══ Source material

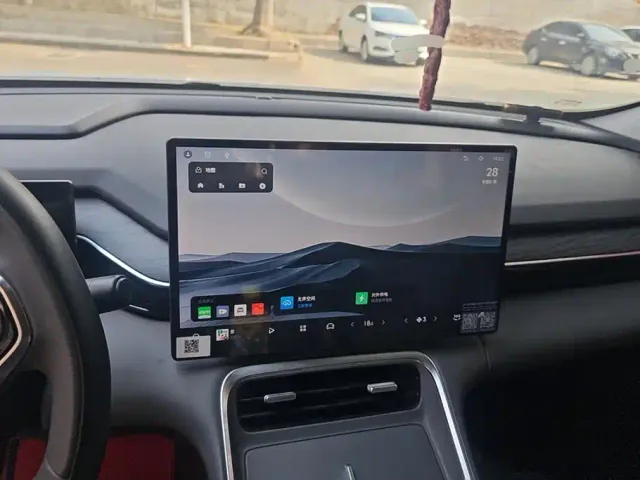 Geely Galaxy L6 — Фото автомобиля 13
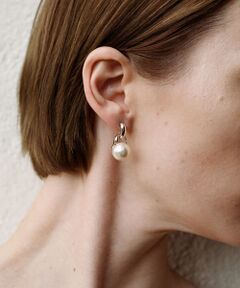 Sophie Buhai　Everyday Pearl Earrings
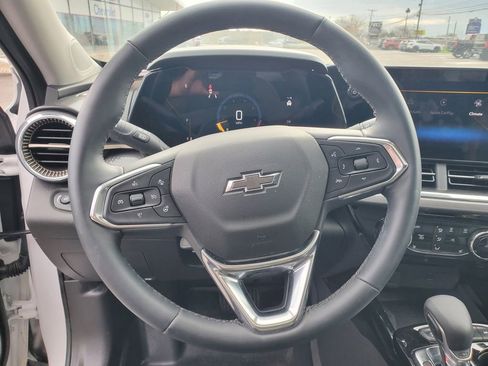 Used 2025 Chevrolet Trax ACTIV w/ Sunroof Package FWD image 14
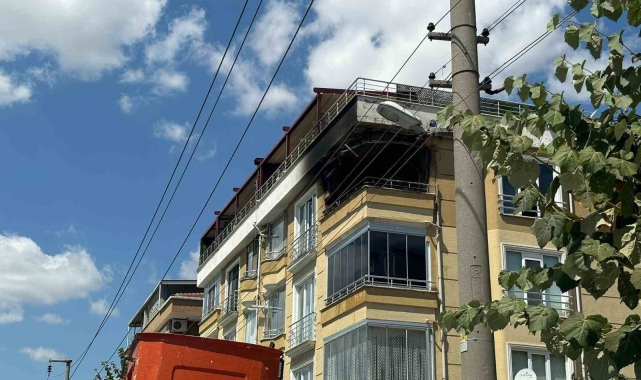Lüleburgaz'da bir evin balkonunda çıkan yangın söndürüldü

════
══ Source material

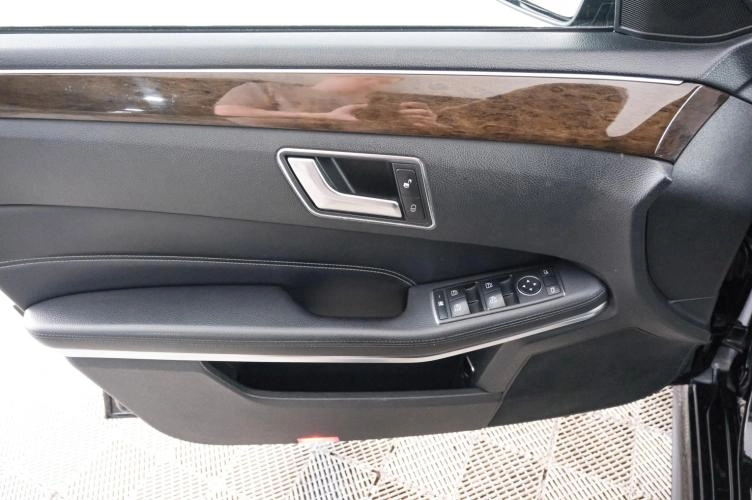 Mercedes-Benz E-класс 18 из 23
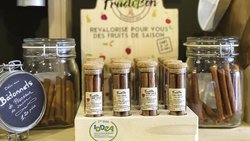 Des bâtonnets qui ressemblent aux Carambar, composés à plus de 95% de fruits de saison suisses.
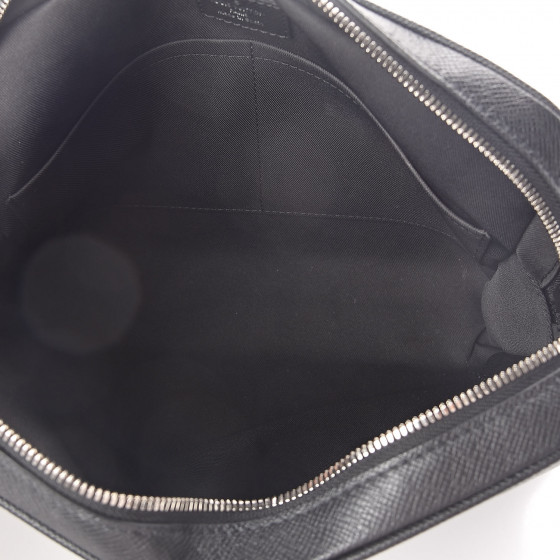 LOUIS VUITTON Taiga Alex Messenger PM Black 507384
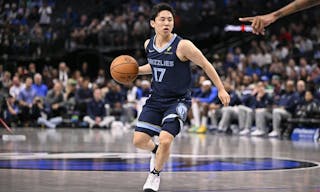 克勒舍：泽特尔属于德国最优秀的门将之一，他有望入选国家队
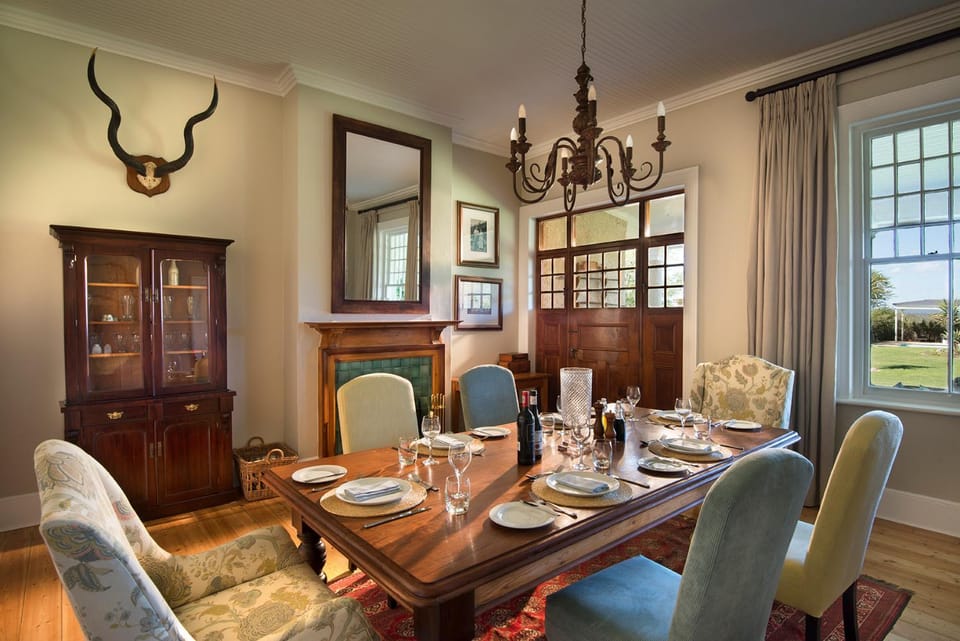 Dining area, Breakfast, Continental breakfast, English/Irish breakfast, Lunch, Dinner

════

Exercise
Repeat exactly the lines above, from the line that contains "克勒舍：泽特尔属于德国最优秀的门将之一，他有望入选国家队" down through the line that contains "Dining area, Breakfast, Continental". Include both of those lines and none of the pictures.

Output of the exercise
 克勒舍：泽特尔属于德国最优秀的门将之一，他有望入选国家队
 Dining area, Breakfast, Continental breakfast, English/Irish breakfast, Lunch, Dinner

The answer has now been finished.